Myrna Loy was an American actress. Trained as a dancer, she devoted herself fully to an acting career following a few minor roles in silent films. Originally typecast in exotic roles, often as a vamp or a woman of Asian descent, her career prospects improved following her portrayal of Nora Charles in The Thin Man. Her successful pairing with William Powell resulted in fourteen films together, including several subsequent Thin Man films.
Loy was born Myrna Adele Williams to Adelle Mae and rancher David Franklin Williams in Radersburg, Montana, a small town near Helena. She was of Welsh and Scottish ancestry. Loy’s first name came from a train station whose name her father liked. Her father was also a banker and real estate developer and the youngest man ever elected to the Montana state legislature. Her mother studied music at the American Conservatory of Music in Chicago.
During the winter of 1912, Loy’s mother nearly died from pneumonia, and her father sent his wife and daughter to La Jolla, California. Loy’s mother saw great potential in Southern California, and during one of his visits she encouraged her husband to purchase real estate there. Among the properties he bought was land he later sold at a considerable profit to Charlie Chaplin so the filmmaker could construct his studio there. Although Loy’s mother tried to convince her husband to move to California permanently, he preferred ranch life and the three eventually returned to Montana. Soon after, Loy’s mother needed a hysterectomy and insisted Los Angeles was a safer place to have it, so she, Loy, and Loy’s brother David moved to Ocean Park, where Loy began to take dancing lessons. They continued after she returned to Montana, and at the age of twelve Myrna Williams made her stage debut performing a dance she choreographed based on The Blue Bird from the Rose Dream Operetta at Helena’s Marlow Theater.

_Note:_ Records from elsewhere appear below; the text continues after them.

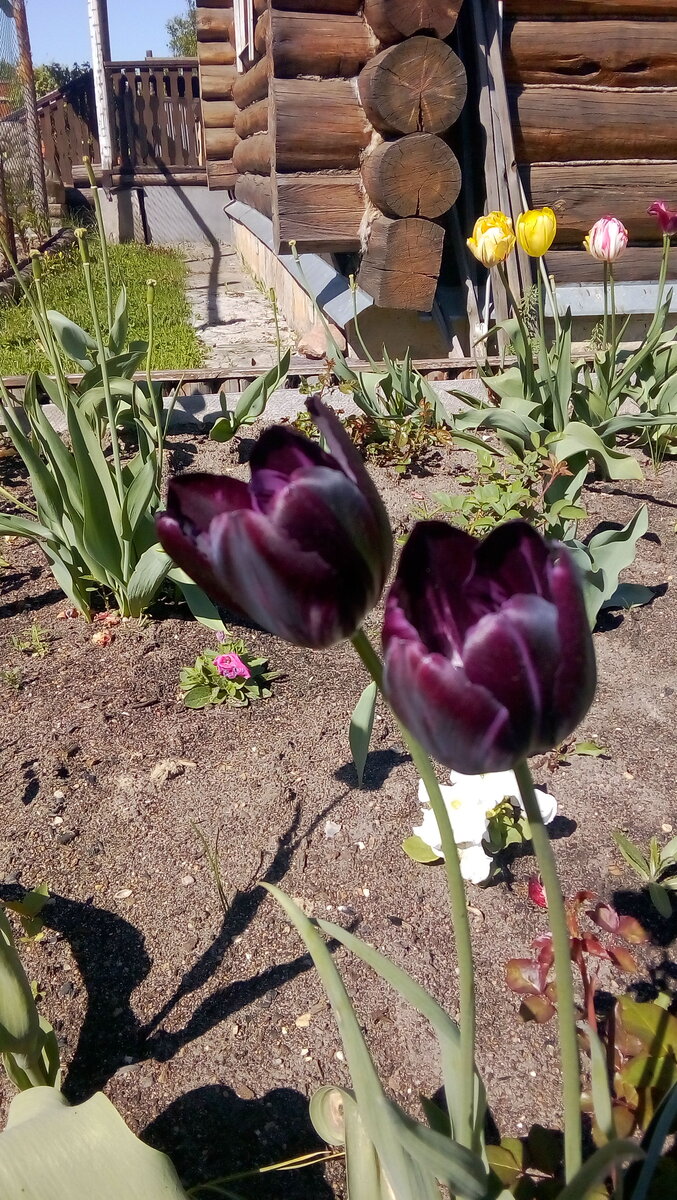IMG-20190519-WA0017.jpeg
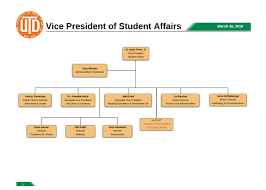 Organization Chart Student Affairs The University Of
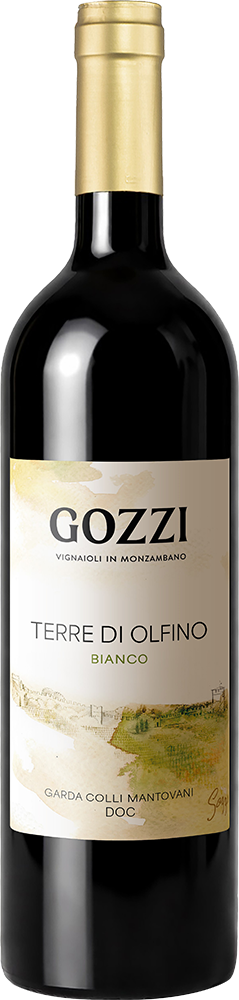 2025 Bianco Terre Di Olfino Garda Colli Mantovani DOC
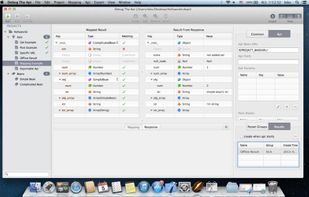 Debug The Api screenshot 1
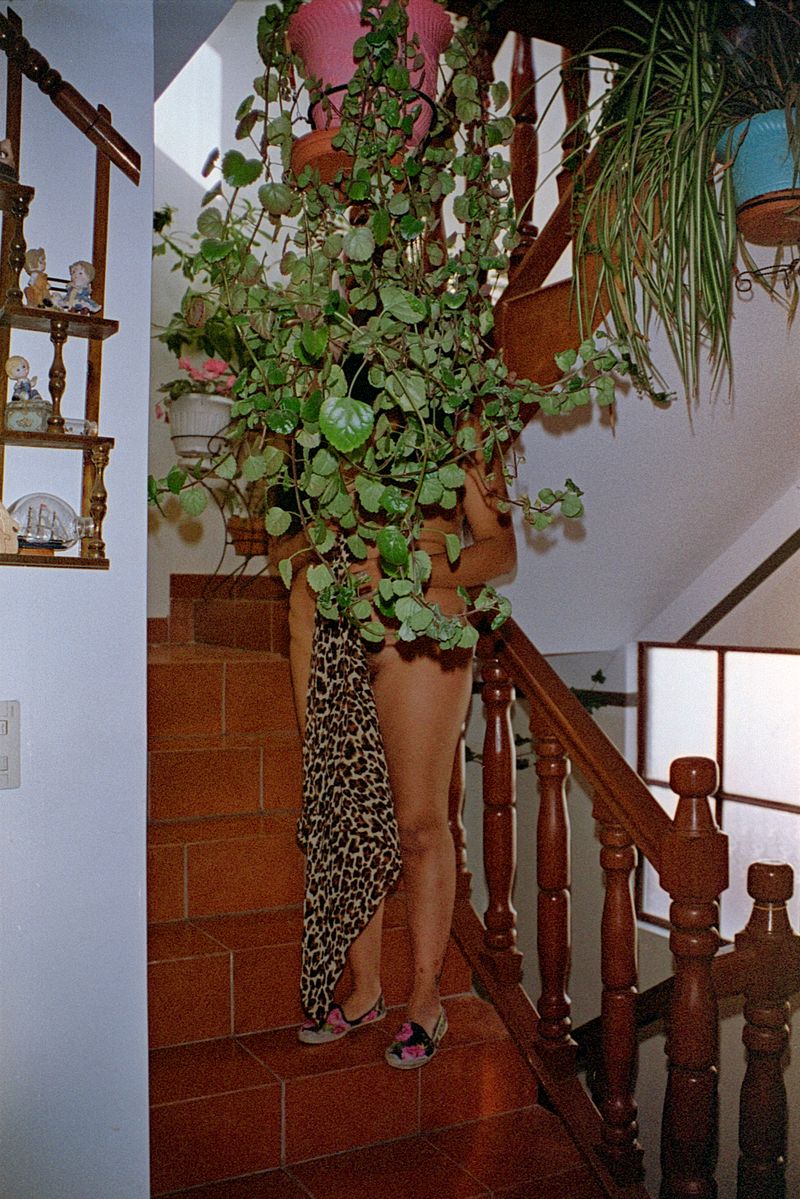 © Alcira Angelo - Image from the ELTIGREMEPERSIGUE photography project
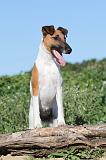 FOX TERRIER POIL LISSE 074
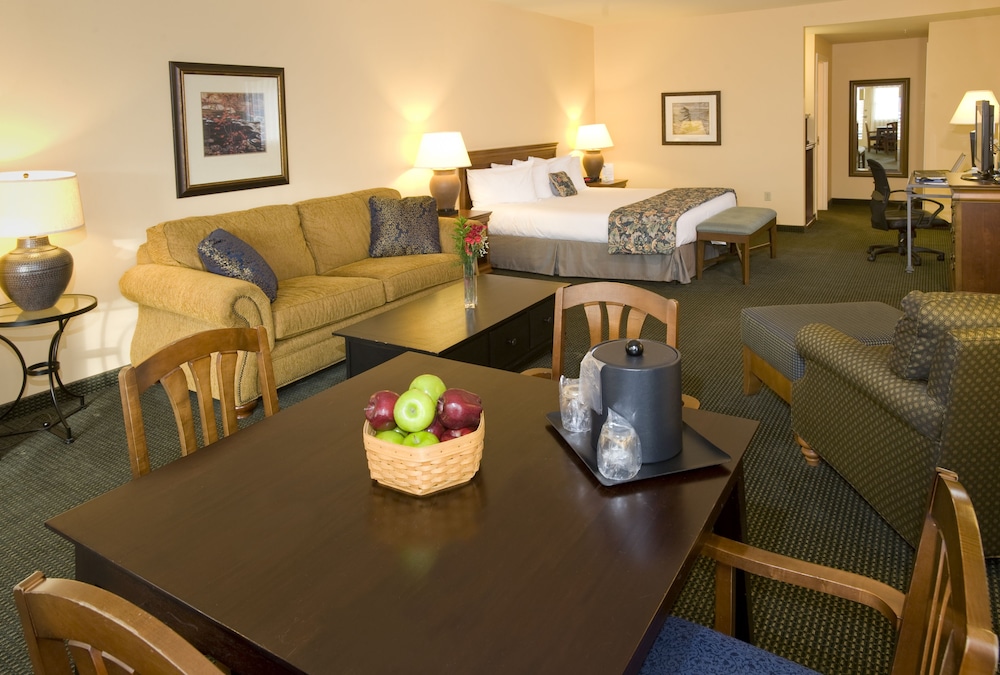 Suite, 1 King Bed with Sofa bed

Following her father’s death, Loy and her family fulfilled her mother’s dream by moving to Culver City. She attended the exclusive Westlake School for Girls in Holmby Hills and continued to study dance in Downtown Los Angeles. When her teachers objected to her participating in theatrical arts, her mother enrolled her in Venice High School, and at fifteen she began appearing in local stage productions.